Data shown:
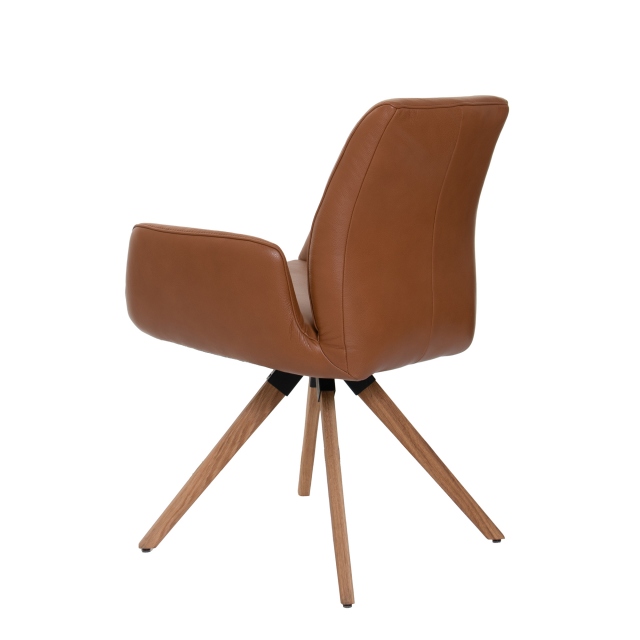 Swivel Armchair In Leather Cognac With E01 Oiled Oak Feet - Layla
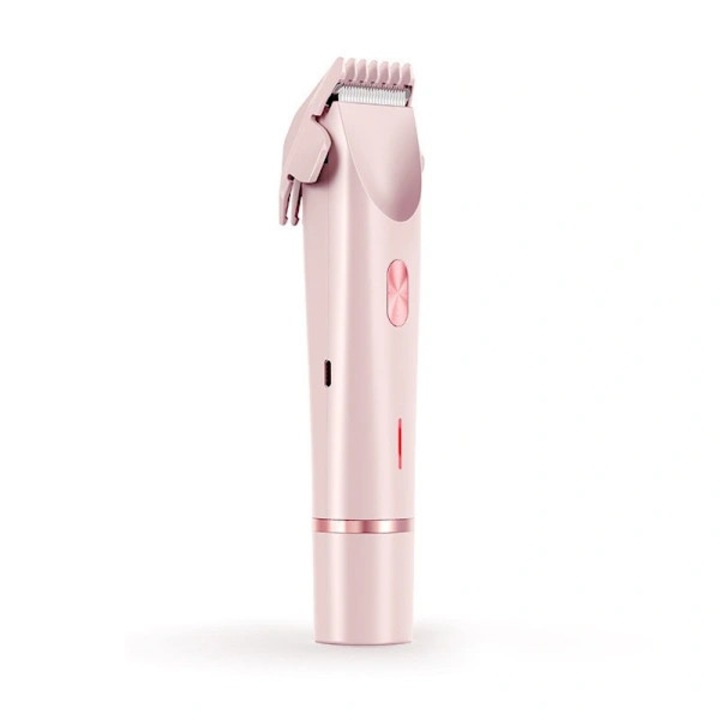 Aparat de ras electric 2 in 1, trimmer epilator cu cap dublu, impermeabil, hipoalergenic, pentru fata, corp, axila si zona bikini, roz, 1 buc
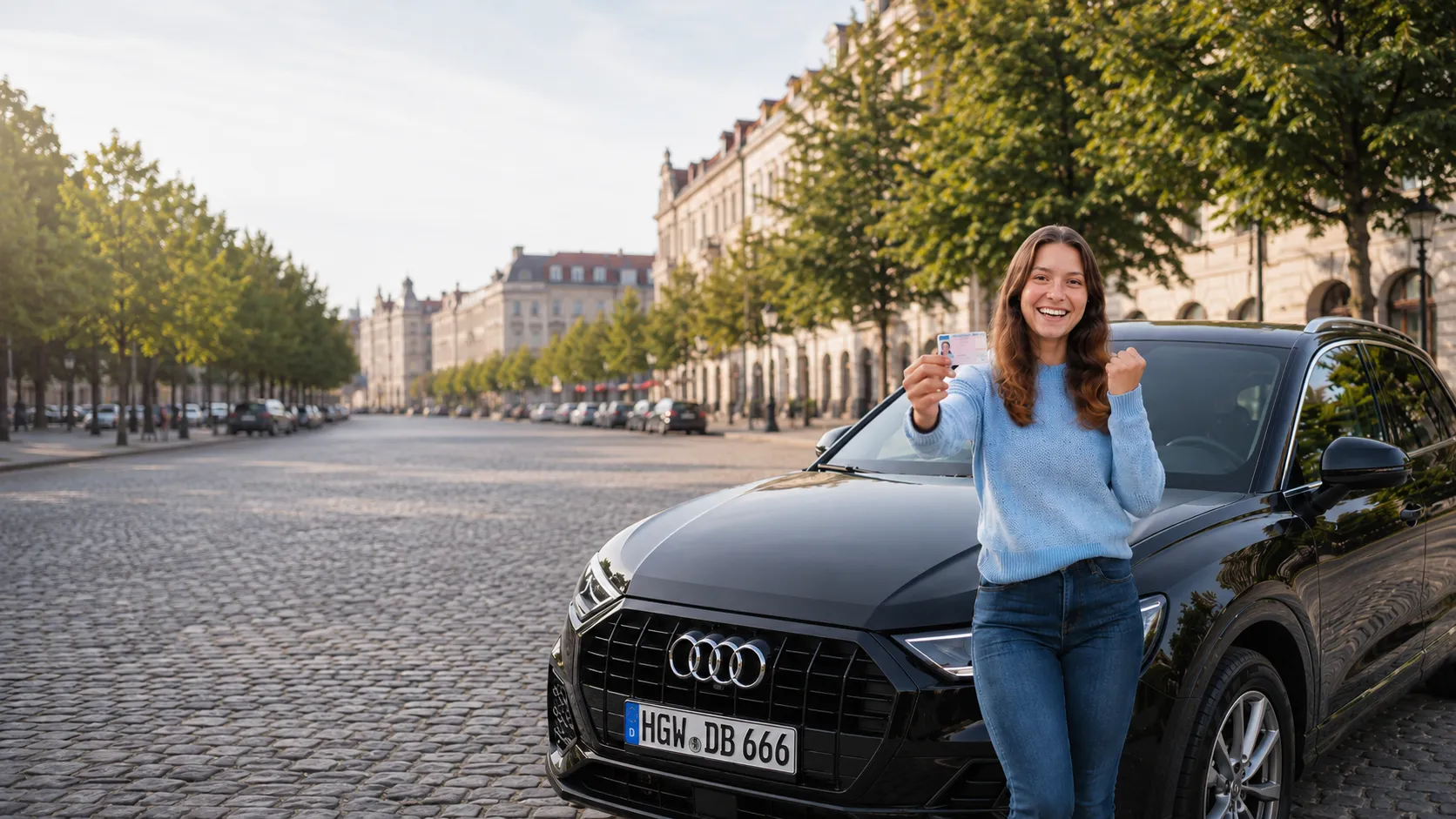 Fahrlehrer erklärt einer Fahrschülerin den Ablauf der Führerschein-Ausbildung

Exercise details:
A word-for-word transcription of the listing is needed, minus its images.

Result for this exercise:
 Swivel Armchair In Leather Cognac With E01 Oiled Oak Feet - Layla
 Aparat de ras electric 2 in 1, trimmer epilator cu cap dublu, impermeabil, hipoalergenic, pentru fata, corp, axila si zona bikini, roz, 1 buc
 Fahrlehrer erklärt einer Fahrschülerin den Ablauf der Führerschein-Ausbildung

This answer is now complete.